Music festival in California

Desert Daze is a music festival held at the Lake Perris Recreation Area in Moreno Valley, California. Festival founder Phil Pirrone, formerly of post-hardcore band, A Static Lullaby, and of JJUUJJUU, had "...always wanted to do an extended festival, and all these people being in the desert for an extended amount of time presented a perfect opportunity to make that happen". The current format of the festival is no longer extended, spanning a more traditional three days. Described as "sort of an anti-festival festival", the festival grounds often showcase abstract and psychedelic art installations, thematically aligned with the artists primarily from the neo-psychedelia, desert rock, experimental, dream pop, art pop, hip-hop, lo-fi, and noise genres. Notable headliners include King Gizzard and the Lizard Wizard, Iggy Pop, Tame Impala, Stereolab, Devo, Wu-Tang Clan, Beach House, and My Bloody Valentine. In 2022, the festival drew an estimated crowd of 10,000 attendees.
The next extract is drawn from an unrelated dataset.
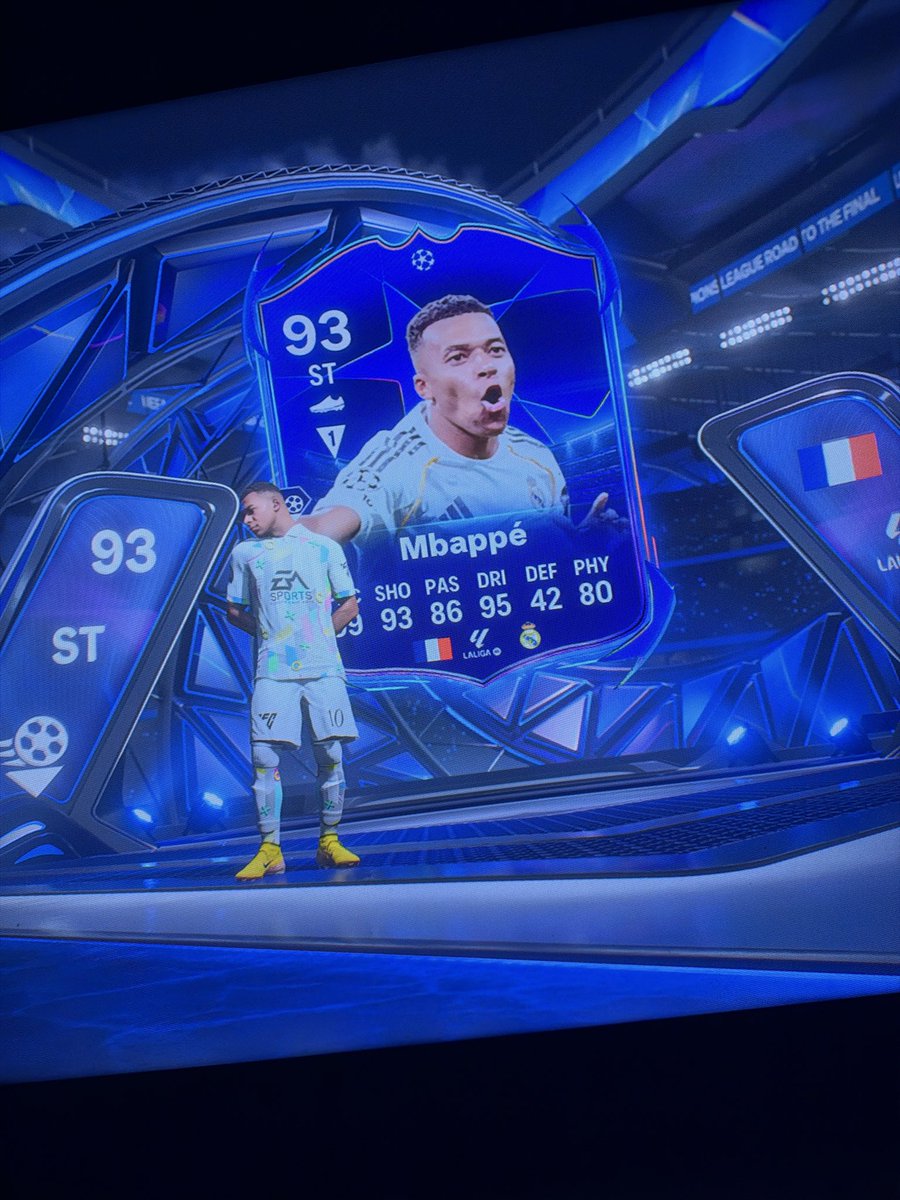 aaaiddden's tweet photo. bro ffs I packed ucl mbappe when I alr have his toty warra pack ea 🫩🔥🔥 #fc26 #mbappe https://t.co/uVxzLoIspk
Desert Daze has not been held since 2022.

== History ==
Pirrone previously organized the Moon Block Party festival, which evolved into Desert Daze in 2012, where the festival was initially held in Desert Hot Springs, California. For the following three years, until 2015, the festival took place at the Sunset Ranch Oasis in Mecca, shifting from its previous extended 11 day format. In 2016, the festival relocated to the Institute of Mentalphysics in Joshua Tree National Park. In 2018, the festival moved again to Lake Perris State Recreation Area.
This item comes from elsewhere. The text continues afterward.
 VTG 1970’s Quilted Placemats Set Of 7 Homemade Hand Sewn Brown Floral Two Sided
Desert Daze was not held in 2020 due to the COVID-19 pandemic. A scaled-down version of the festival was held in November 2021, with 24 acts on one stage across three days. The full Desert Daze returned from September 30th to October 3rd, 2022, and featured Tame Impala playing Lonerism in its entirety for the album's tenth anniversary, the only such performance of their career.

In July 2023 Desert Daze organizers announced they would not hold the festival that year, citing the need for "extra time to ensure we deliver an experience that surpasses expectations for many years to come."
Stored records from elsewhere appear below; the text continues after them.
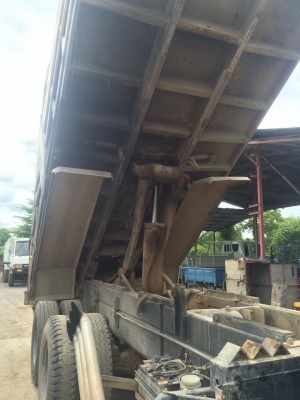 ขายหลง195แรง MAดั้ม 2เพลาเอกสารพร้อมโอน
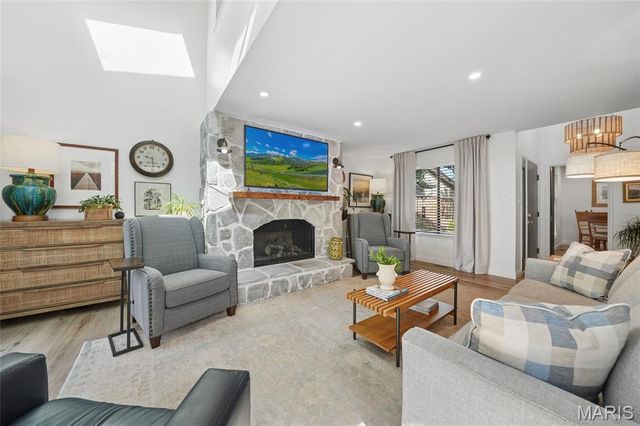 11504 Northbrook Way, St Louis, MO 63146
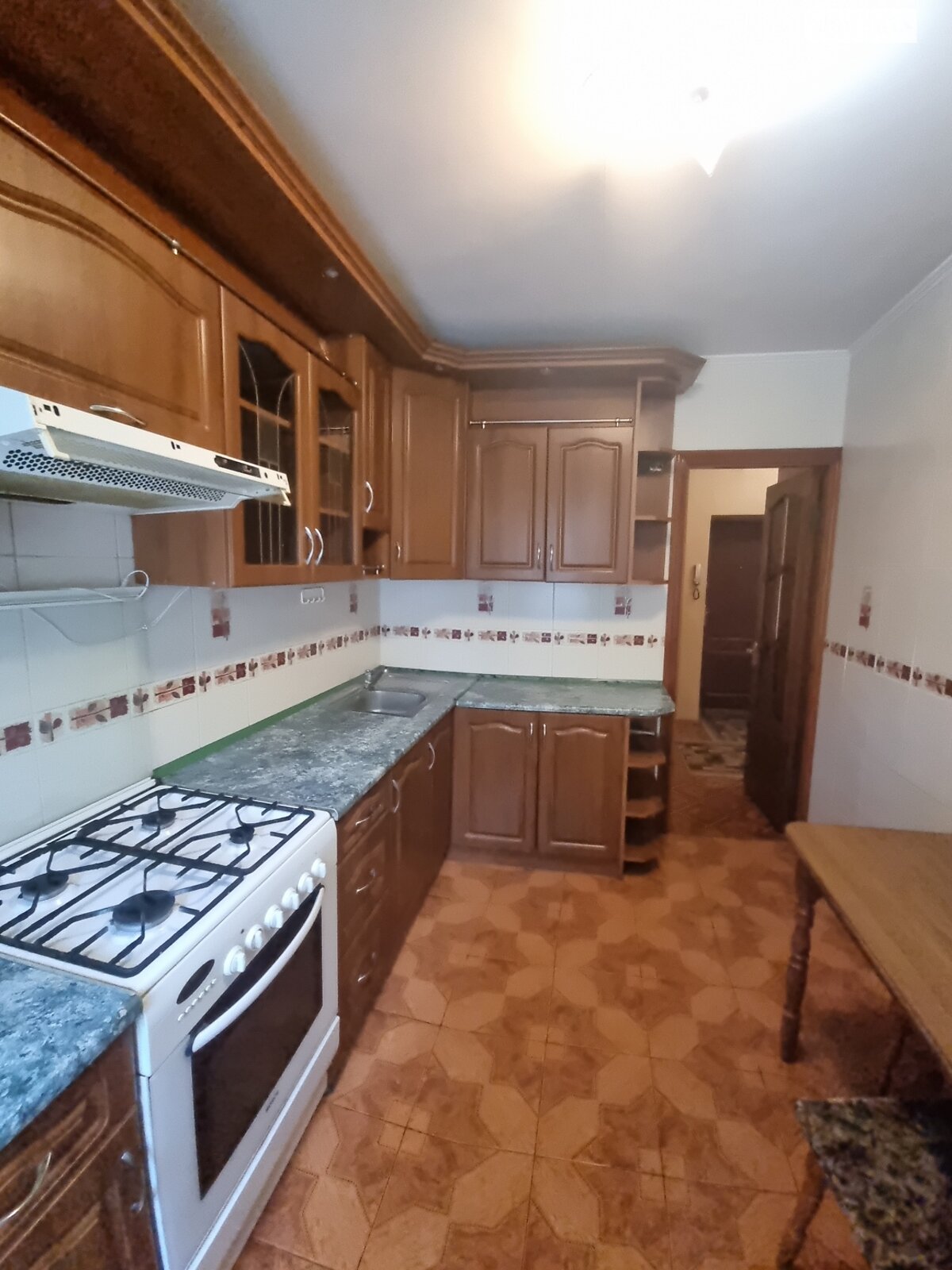 двокімнатна квартира в Хмельницькому, район Центр, на вул. Завадського 7 в довготривалу оренду помісячно фото 1 двокімнатна квартира в Хмельницькому, район Центр, на вул. Завадського 7 в довготривалу оренду помісячно фото 1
Desert Daze 2024 was announced in July and scheduled for October 10-13, featuring headliners Jack White and Cigarettes After Sex. On August 30th, organizers announced that Desert Daze 2024 was canceled, stating that “rising production costs and the current volatile festival market” had made it “no longer possible to execute the weekend as planned.” Festival founder Phil Pirrone said in an interview with the L.A. Times that low ticket sales were also a factor in the cancellation.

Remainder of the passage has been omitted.